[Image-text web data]
# # # # # # #

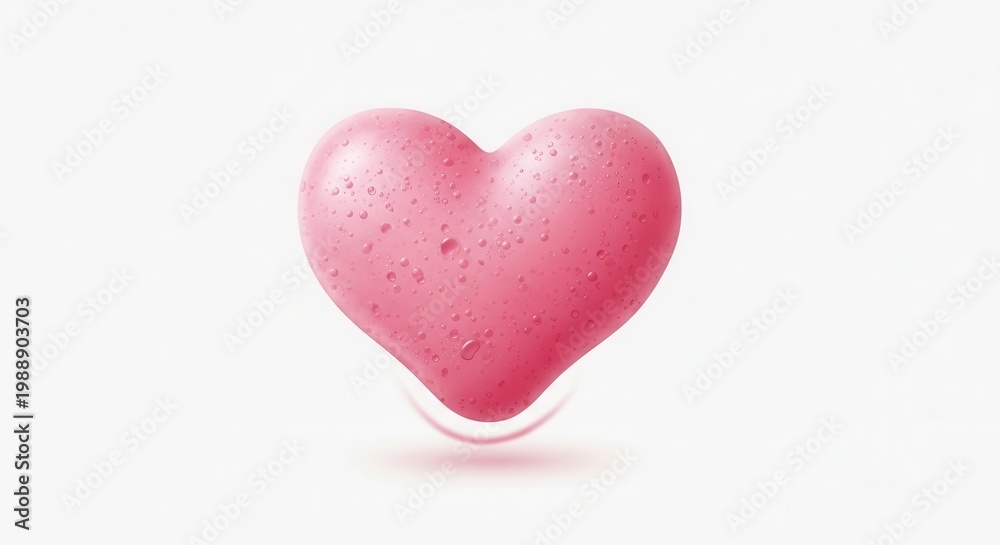 Obraz premium Vibrant pink textured heart design symbolizing love and care on a clean white background with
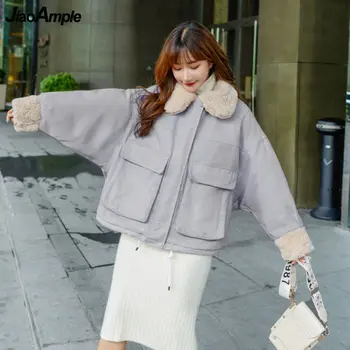 Femei Iarna Cald Gros Paltoane 2021 Fete coreene Dulce Student Scurt Fleece Guler Blana Lady Roz de Cauzalitate Liber Îmbrăcăminte exterioară
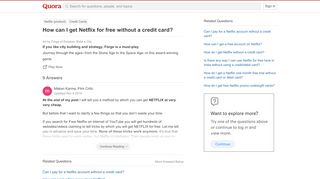 
                            9. How to get Netflix for free without a credit card - Quora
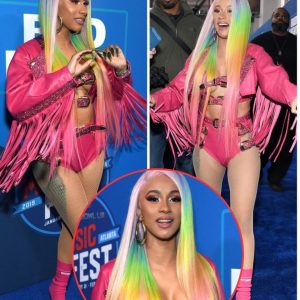 Cardi B captures everyone’s attention with a ribald pink calfskin outfit and rainbow hair as she leads stars at Bud Light Super Bowl Music Fest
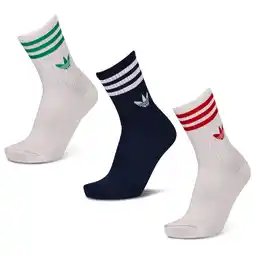 Foot Locker Adidas Mid Cut Crew 3 Pack Sokken Unisex - Wit - Maat 37-39 aanbieding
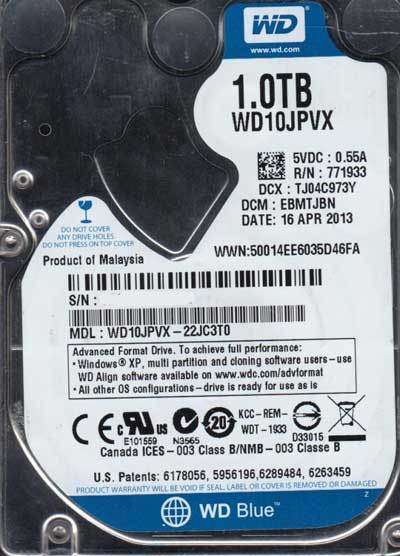 Western Digital  1000GB *1TB* SATA LAPTOP 2.5" INTERNAL HARD DRIVE
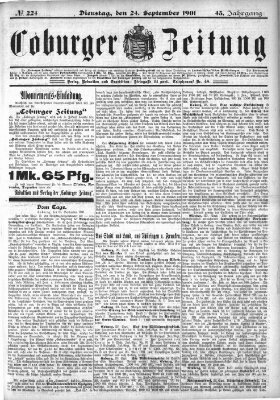 Coburger Zeitung Dienstag 24. September 1901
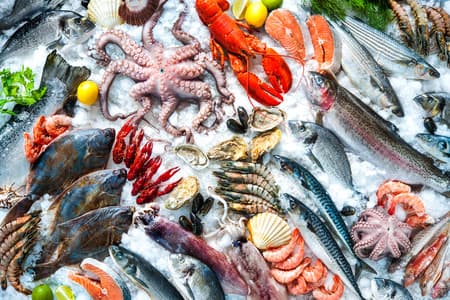 Seafood on ice at the fish market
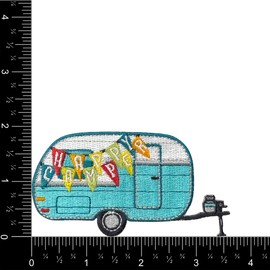 Sumao Happy Camper - Recreation/Camping - Vintage Travel Trailer - Forest/Woods - Embroidered Iron on Patch.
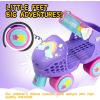 imageSULIFEEL Kids Adjustable Quad Roller SkatesToddler Beginner Roller Skates for Girls and Boys Age 25 Years OldUnicorn Purple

# # # # # # #

◆ What to produce
Exactly repeat only the lines from the one with "Sumao Happy Camper" to the closing line above, both included, and omit every picture.

◆ The completed task
 Sumao Happy Camper - Recreation/Camping - Vintage Travel Trailer - Forest/Woods - Embroidered Iron on Patch.
 imageSULIFEEL Kids Adjustable Quad Roller SkatesToddler Beginner Roller Skates for Girls and Boys Age 25 Years OldUnicorn Purple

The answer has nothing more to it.